Ovett repeated the pearl of wisdom that he dropped after winning the 800m in Moscow, the self-deprecating realisation that "any idiot can become an Olympic champion". Not that Baddeley happens to be anybody's idea of a fool. Since making his initial breakthrough at international level last summer, beating Lagat in a 1500m race in Sheffield and reaching the World Champion-ship 1500m final in Osaka, where he finished ninth, there has been a smartness about his racing and about his background preparation. Like Ovett, Coe and Cram all did before him, he dipped into the traditional Harrier scene of cross-country and road-running last winter to put the foundations in place for his Olympic challenge.
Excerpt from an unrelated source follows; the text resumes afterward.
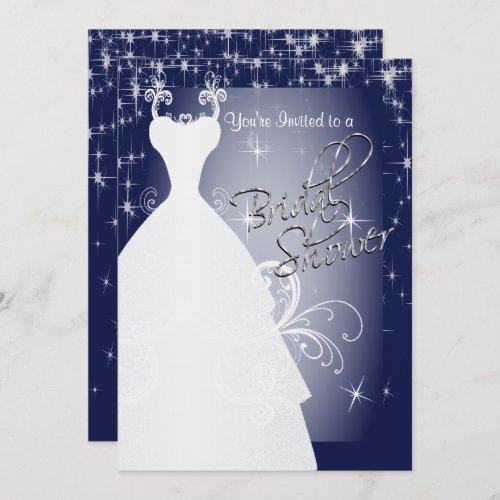 Bridal Shower in Navy Blue Starry Night Invitation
Baddeley also headed Down Under for a second successive winter to train with Craig Mottram, the Australian who won a World Championship 5,000m bronze in Helsinki in 2005.
The benefits were clear to see when the Wirral-born, Teddington-based runner contested the Dream Mile in Oslo in June. Judging his tactical effort to perfection, Baddeley was victorious in 3min 49.38sec. In doing so, he became the first British winner of the race since Peter Elliott in 1991 and the sixth Briton to break 3min 50sec for the mile, following in the footsteps, chronologically, of Coe, Ovett, Dave Moorcroft, Cram and Elliott.
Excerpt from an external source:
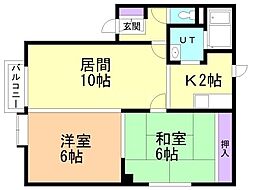 カーサフローラルC 2LDKの間取図画像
The one obvious chink in Baddeley's racing armour is a lack of the kind of razor-sharp basic speed that took Coe to an 800m world record of 1min 41.73 sec, Cram and Elliott to times under 1:43 for the two-lap distance, and Ovett to a best of 1:44.09. By comparison, Baddeley's lifetime best, 1:46.32, is decidedly modest.
Nonetheless, such is his racing acumen and his rapidly maturing pedigree that the burgeoning Briton is being mentioned as a possible medal contender in the 1500m in Beijing. Twentyyears after Elliott collected Britain's last medal in the event – a silver behind Kenya's Peter Rono in Seoul – dare Baddeley dream of making the big step up on to the Olympic podium?
"I always dare to dream of a medal," he said. "But in terms of how realistic it is, we'll have to wait and see. In terms of my expectations, at the moment they do not go beyond one race: the 1500m heats. You can't do anything in the final unless you make it through the two rounds before that. I'm not going to get too excited. I've got to get through the rounds first before thinking about the final. That's foremost in my mind right now."
Keeping his body from getting overexcited is an ongoing concern for Baddeley, though not as frightening as it was when his heart first started racing out of control. That was midway through a training session in 2004. "At the time, when I didn't know what was happening, it was not a very pleasant feeling," he reflected. "My heartbeat went very irregular, very quick, and that made it difficult to breathe. I felt pretty weak and had numbness in my left arm.
"I got taken into hospital and they put the diagnostic chip into my chest to record the palpitations when they happened. After the first three months they decided there was nothing to worry about. I just haven't had the chance to organise getting the chip taken out. I do still get mild 15- to 20-second episodes once every couple of months but it's something I'm used to, something I can control."
If he can get himself into medal contention down the home straight in Beijing, though, Britain's middle-distance revivalist will have many a heart aflutter back home.